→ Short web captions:
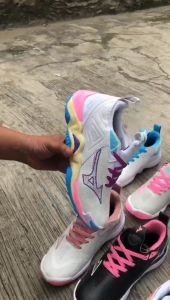 New Arrival Sepatu Voli Wanita Model Momentum 3 Lokal Premium Quality Sepatu Sneakers Cewek Volly Volly Cowok Ukuran 36 38 38 39 40 41 Nyaman Dipakai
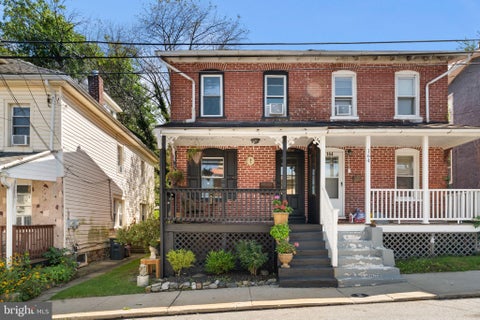 Townhouse For Sale - 162 E Church Street<br/> Chester County, DOWNINGTOWN, PA 19335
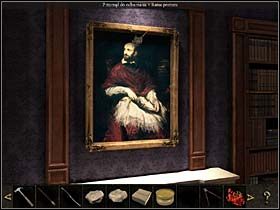 Następnie przygląda się obrazowi wiszącemu nad kominkiem (zbliżenie), a ponieważ wisi on za wysoko, przemieszcza w prawo drabinę usytuowaną przy regale obok (kliknij 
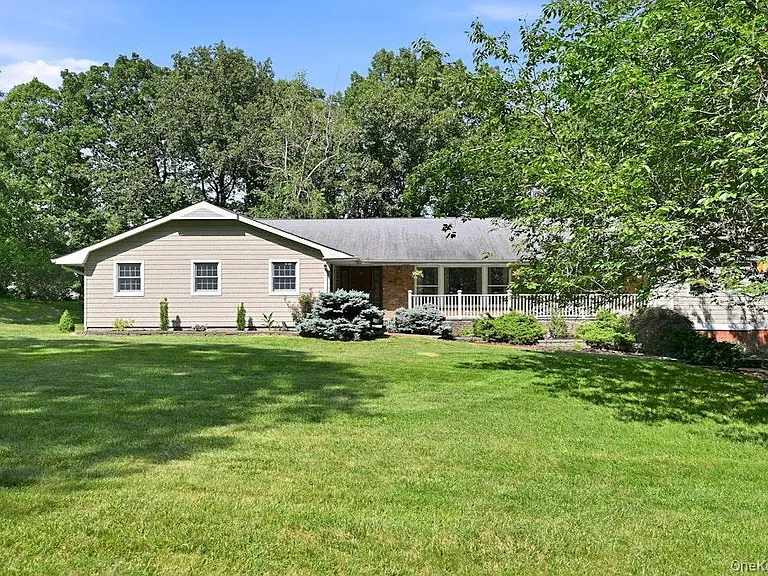 20 Williamsburg Dr — Photo 1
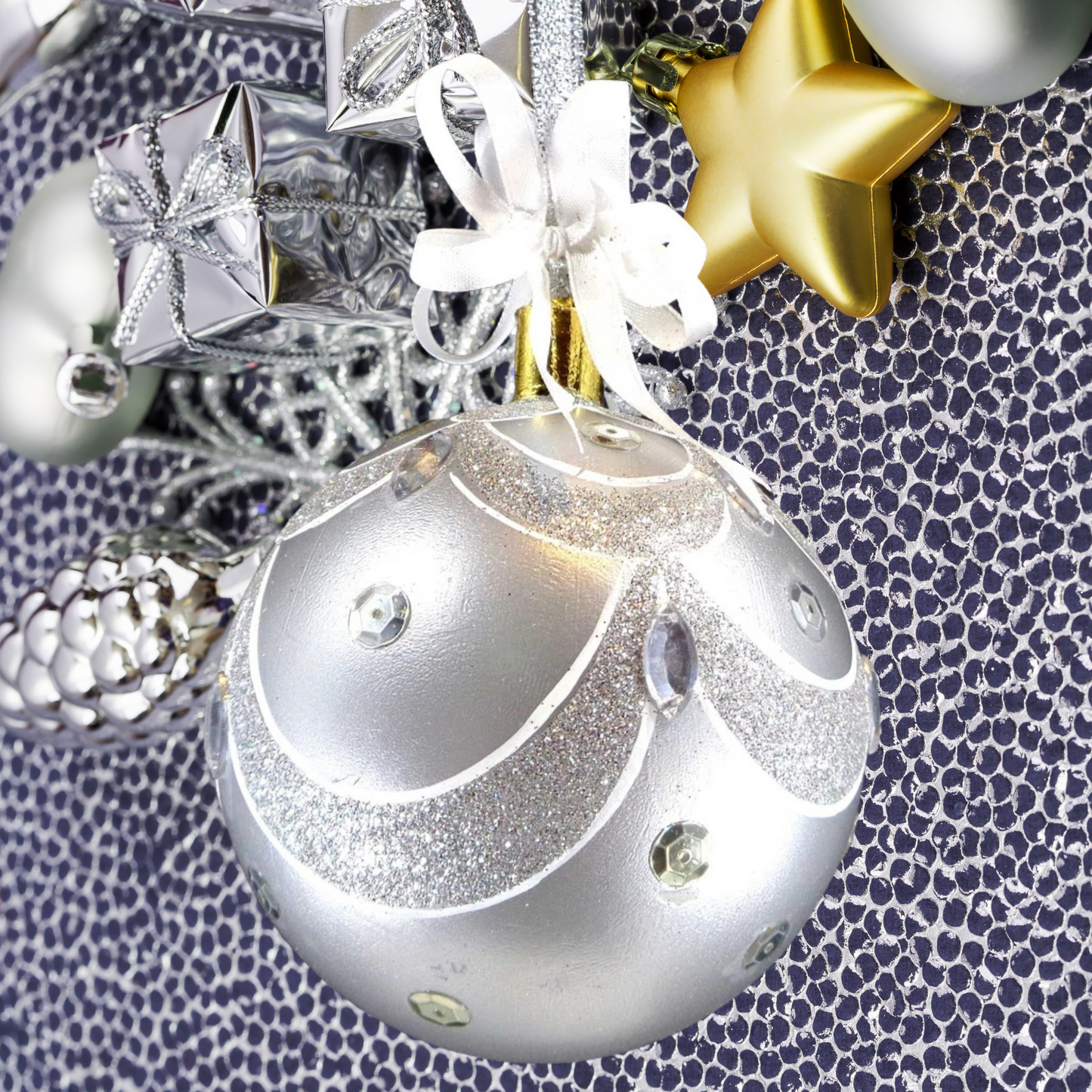 Set of 6pc Plastic Glass Christmas Ornaments (Silver Glitter)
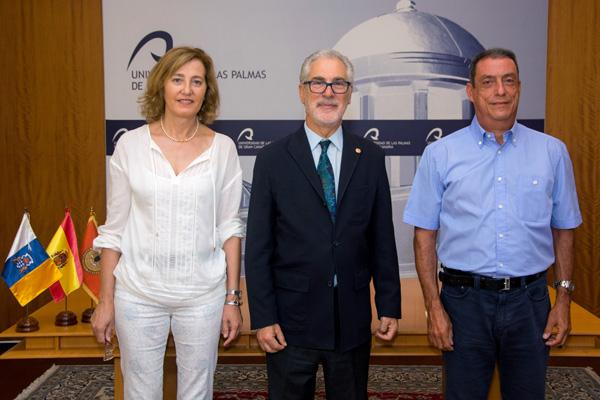 De izda. a dcha.: Carmen Salinero, el Rector José Regidor y Francisco Javier Pérez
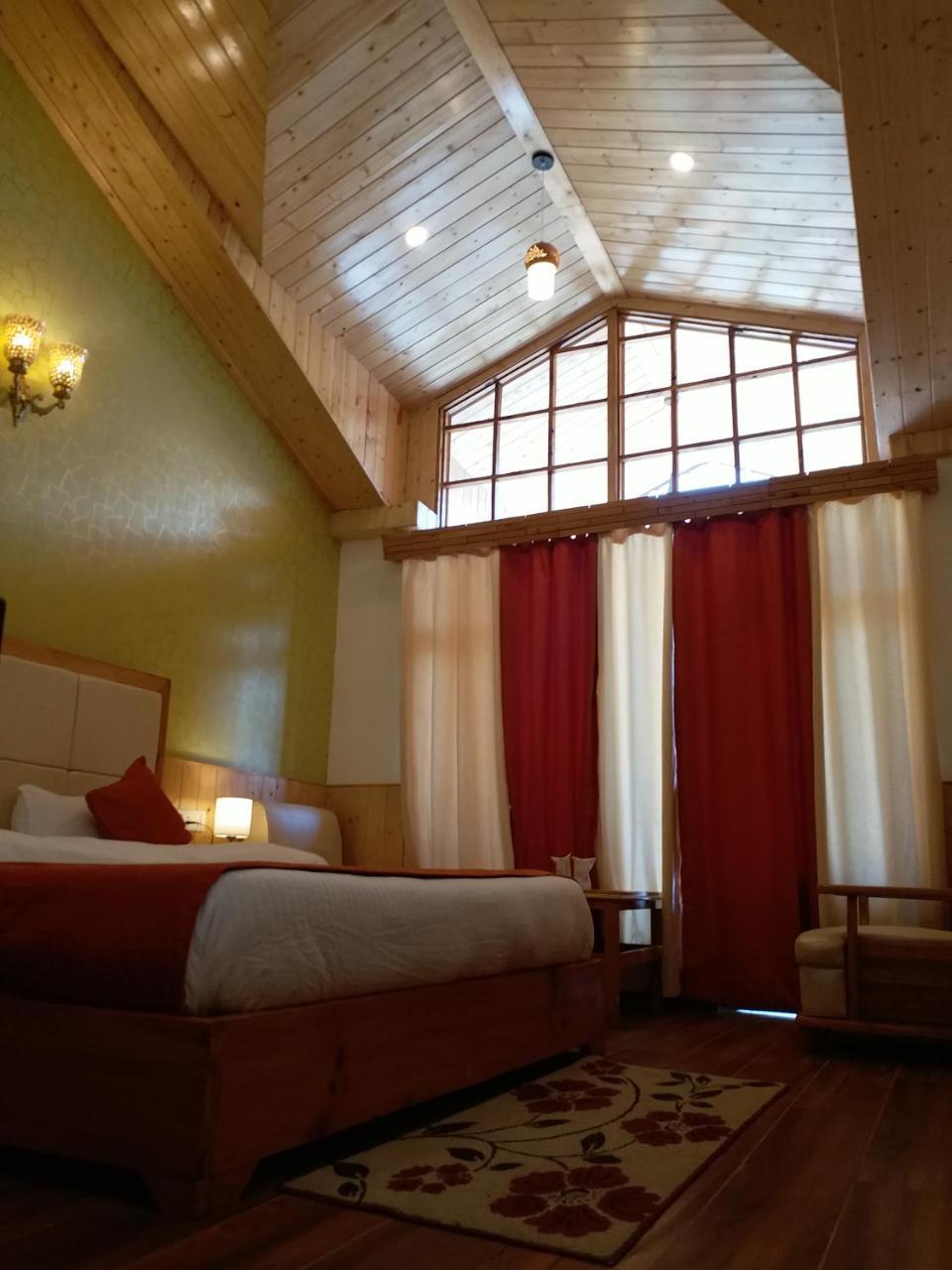 Hotel Seven Hills Manali 외부 사진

→ Problem to solve: What you give back must be the data above, reproduced exactly and free of pictures.

→ Output for this task:
 New Arrival Sepatu Voli Wanita Model Momentum 3 Lokal Premium Quality Sepatu Sneakers Cewek Volly Volly Cowok Ukuran 36 38 38 39 40 41 Nyaman Dipakai
 Townhouse For Sale - 162 E Church Street<br/> Chester County, DOWNINGTOWN, PA 19335
 Następnie przygląda się obrazowi wiszącemu nad kominkiem (zbliżenie), a ponieważ wisi on za wysoko, przemieszcza w prawo drabinę usytuowaną przy regale obok (kliknij 
 20 Williamsburg Dr — Photo 1
 Set of 6pc Plastic Glass Christmas Ornaments (Silver Glitter)
 De izda. a dcha.: Carmen Salinero, el Rector José Regidor y Francisco Javier Pérez
 Hotel Seven Hills Manali 외부 사진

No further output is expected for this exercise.